Der 12. Mann ist eine Frau

Theater fürs Klassenzimmer von Suna Gürler und Uwe Heinrich

Eine Stückentwicklung des jungen theaters basel

Der 12. Mann ist eine Frau
Kostüme:
Dramaturgie:
SchauspielerInnen:

Premiere:

15. November. 2006

Vorstellungen im jungen theater basel:
5

Gastspiele:

Linz

Drei junge Frauen haben ein halbes Jahr im und um das Joggeli Interviews mit weiblichen FCB-Fans gemacht. Fast alle Interviews endeten mit dem Satz: “Wir brauchen mehr Frauen im Stadion!”. Ihre Geschichten aus dem “letzten Reservat der Männlichkeit” sind ganz diesem Auftrag verpflichtet. Da es aber sehr unterschiedliche Auffassungen davon gibt, was ein “richtiger Fan” ist, geraten die drei jungen Frauen bei ihrer Bestandesaufnahme immer wieder hart an den Rand des Zerwürfnisses.

Einmal mehr ist das junge theater basel einem sehr aktuellen Thema auf der Spur. Mit dieser Inszenierung geht es noch einen Schritt weiter auf das jugendliche Publikum zu – nämlich sogar bis ins Klassenzimmer. Nur wenige Vorstellungen sind öffentlich, der grösste Teil der Vorstellungen findet auf Bestellung in Klassenzimmern statt.

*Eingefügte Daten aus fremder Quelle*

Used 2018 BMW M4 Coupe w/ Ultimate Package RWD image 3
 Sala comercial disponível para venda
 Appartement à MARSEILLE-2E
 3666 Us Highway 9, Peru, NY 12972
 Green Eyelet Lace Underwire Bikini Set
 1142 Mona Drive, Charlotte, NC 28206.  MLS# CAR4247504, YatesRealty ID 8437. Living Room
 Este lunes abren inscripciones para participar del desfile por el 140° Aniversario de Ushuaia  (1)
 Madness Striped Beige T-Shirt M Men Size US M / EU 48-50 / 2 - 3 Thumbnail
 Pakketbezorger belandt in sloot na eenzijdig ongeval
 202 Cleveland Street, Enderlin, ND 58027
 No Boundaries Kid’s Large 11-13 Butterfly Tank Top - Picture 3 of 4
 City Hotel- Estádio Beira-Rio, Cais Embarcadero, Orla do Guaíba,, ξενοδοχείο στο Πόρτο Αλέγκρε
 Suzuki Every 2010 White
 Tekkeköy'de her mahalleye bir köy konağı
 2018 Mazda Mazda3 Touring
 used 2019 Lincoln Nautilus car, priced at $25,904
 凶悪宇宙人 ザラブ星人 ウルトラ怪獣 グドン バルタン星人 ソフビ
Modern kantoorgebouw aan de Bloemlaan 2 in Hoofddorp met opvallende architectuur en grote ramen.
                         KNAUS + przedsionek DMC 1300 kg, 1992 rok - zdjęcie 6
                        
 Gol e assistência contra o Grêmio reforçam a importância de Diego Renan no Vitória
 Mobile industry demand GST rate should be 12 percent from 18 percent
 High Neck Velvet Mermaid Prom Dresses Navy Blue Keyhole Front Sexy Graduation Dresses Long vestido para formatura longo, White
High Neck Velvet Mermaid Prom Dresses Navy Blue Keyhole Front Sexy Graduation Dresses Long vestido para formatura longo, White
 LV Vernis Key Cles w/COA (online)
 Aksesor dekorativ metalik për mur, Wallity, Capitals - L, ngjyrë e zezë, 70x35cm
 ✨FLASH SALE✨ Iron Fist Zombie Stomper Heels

Playing on demand Lehrpersonen, die sich einen solchen “Überfall” wünschen, können einen Termin für eine Aufführung in ihrem Klassenzimmer verabreden. Diese Absprachen sollten vertraulich stattfinden, da ein Überraschungsmoment für die SchülerInnen am Anfang wünschenswert ist.

Presse
Videoreportage auf swissinfo.ch (englisch)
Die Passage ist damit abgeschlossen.